Part 35 (1/2)

Joan told her plans. ”You'll be able to get along without me for a little while?” she asked doubtfully.

Mrs. Denton laughed. ”I haven't much more to do,” she answered. ”Just tidying up, as you see; and two or three half-finished things I shall try to complete. After that, I'll perhaps take a rest.”

She took from among the litter a faded photograph and handed it to Joan.

”Odd,” she said. ”I've just turned it out.”
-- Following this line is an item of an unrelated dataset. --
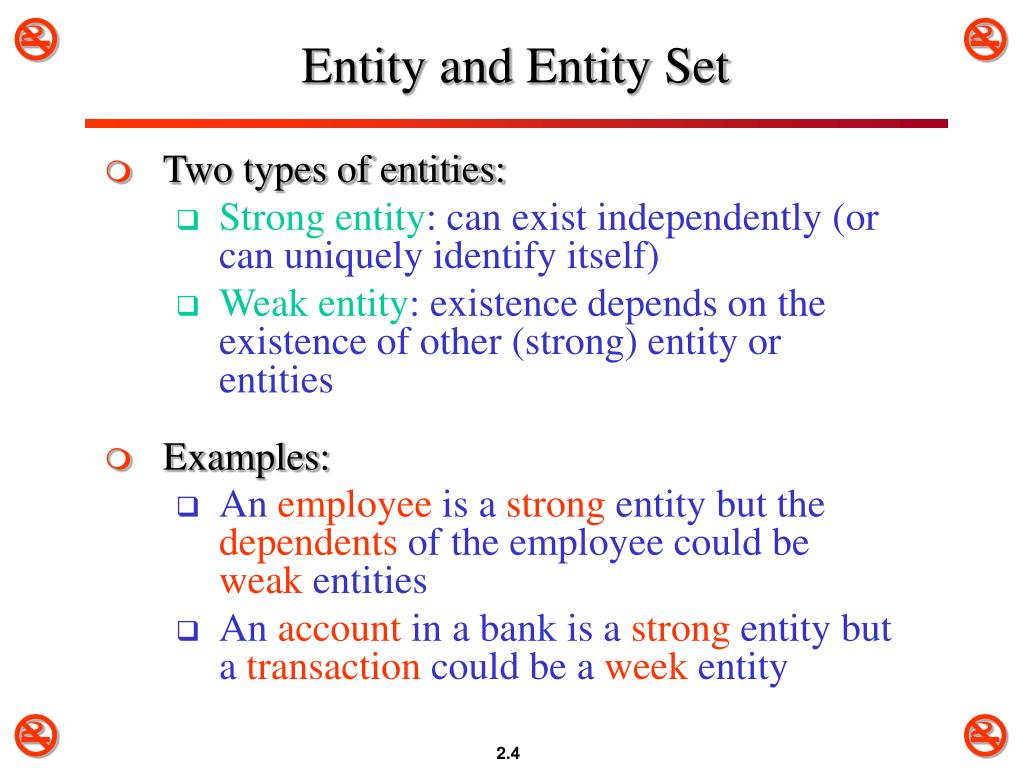PPT Chapter 3 Data Modeling Using the EntityRelationship Model PowerPoint Presentation ID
It represented a long, thin line of eminently respectable ladies and gentlemen in early Victorian costume. The men in peg-top trousers and silk stocks, the women in crinolines and poke bonnets. Among them, holding the hand of a benevolent-looking, stoutish gentleman, was a mere girl. The terminating frills of a white unmentionable garment showed beneath her skirts. She wore a porkpie hat with a feather in it.

”My first public appearance,” explained Mrs. Denton. ”I teased my father into taking me with him. We represented Great Britain and Ireland. I suppose I'm the only one left.”
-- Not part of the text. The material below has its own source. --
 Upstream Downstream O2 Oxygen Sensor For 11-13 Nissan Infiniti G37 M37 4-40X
”I shouldn't have recognized you,” laughed Joan. ”What was the occasion?”

”The great International Peace Congress at Paris,” explained Mrs. Denton; ”just after the Crimean war. It made quite a stir at the time. The Emperor opened our proceedings in person, and the Pope and the Archbishop of Canterbury both sent us their blessing. We had a copy of the speeches presented to us on leaving, in every known language in Europe, bound in vellum. I'm hoping to find it. And the Press was enthusiastic. There were to be Acts of Parliament, Courts of Arbitration, International Laws, Diplomatic Treaties. A Sub-Committee was appointed to prepare a special set of prayers and a Palace of Peace was to be erected. There was only one thing we forgot, and that was the foundation.”

”I may not be here,” she continued, ”when the new plans are submitted.

Tell them not to forget the foundation this time. Tell them to teach the children.”

Joan dined at a popular restaurant that evening. She fancied it might cheer her up. But the noisy patriotism of the over-fed crowd only irritated her. These elderly, flabby men, these fleshy women, who would form the spectators, who would loll on their cus.h.i.+oned seats protected from the sun, munching contentedly from their well-provided baskets while listening to the dying groans rising upwards from the drenched arena. She glanced from one podgy thumb to another and a feeling of nausea crept over her.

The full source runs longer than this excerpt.